3.2 Needs Analysis and Training Objective

In the design of a training system, a needs analysis is performed to define the training objective. In human training, methods such as a job, task or competency analyses are performed to gain insight into the task activities and required knowledge, skills and abilities (KSA). Such analysis is typically part of the first phase of the Analyze, Design, Develop, Implement, and Evaluate (ADDIE) process for instructional design [13].

In RL, a needs analysis is also important to gain insight into the requirements for the learner in terms of cognitive abilities. These abilities must be aligned with the capabilities of its learning mechanism. In other words, can it be expected that the learner will be capable of learning the task; does it have the required ‘hardware’? If basic required abilities are lacking, the learner is not suited for the training in question.

A classic example from literature is the deep Q-network (DQN) algorithm which has shown impressive results on many task domains, but fails on tasks that require the ability of simple planning of sequential tasks [4]. Different algorithms are equipped with different architectural features to support certain abilities, as seen for instance for capabilities of visual-spatial processing [14], long-term planning [2] or short [15] or long-term memory [16]. It can be difficult to quantify and relate human-like cognitive abilities to abilities that can be expressed by machine learning algorithms.

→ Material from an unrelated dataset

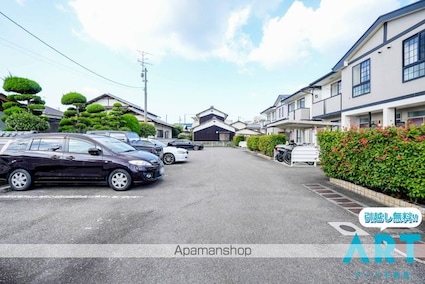 メゾン・ラフィネＡ[2DK/46.92m2]の駐車場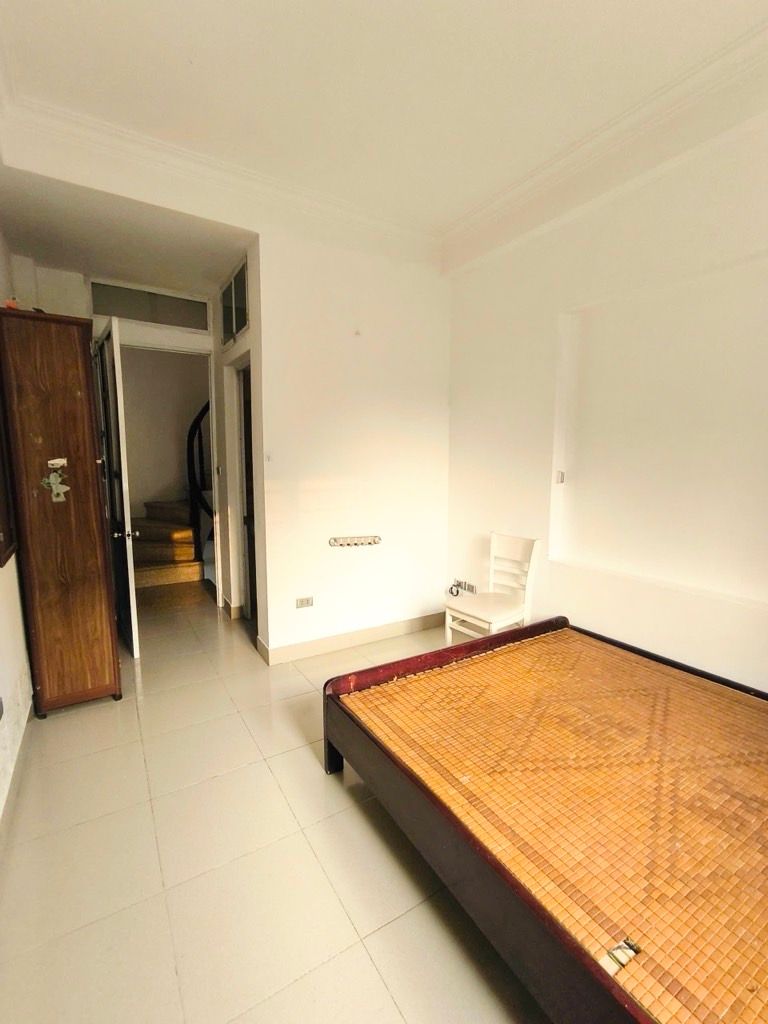 Bán nhà Đường Láng - diện tích 28.5m2 5 tầng - Ngõ rộng, gần phố - giá 5 tỷ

Sometimes, abilities are not always known and limitations may only be found through experimentation. Still, an analysis is crucial to be confident that a specific algorithm is capable, or to use as guidance to select or dismiss candidate algorithms.

3.3 Training System

The training system offers the learner a training environment in which it can learn the task. Instructional strategies are designed and implemented with the goal to optimize the learning process within the learner regarding task performance. Below three methods are described: adaptive instruction, curriculum learning and social learning.

Adaptive Instruction.

For human learning, adaptive instruction can be used to keep the learner within the ‘zone of proximal development’ by balancing the task challenge and the competence level of the learner [17]. To keep the learner engaged, the task should not be too easy or too complicated, leading to possible boredom or anxiety consequently. For agent learners a similar balance is required, though not for the purpose of keeping learners motivated, but for functional reasons of learning efficiency [18].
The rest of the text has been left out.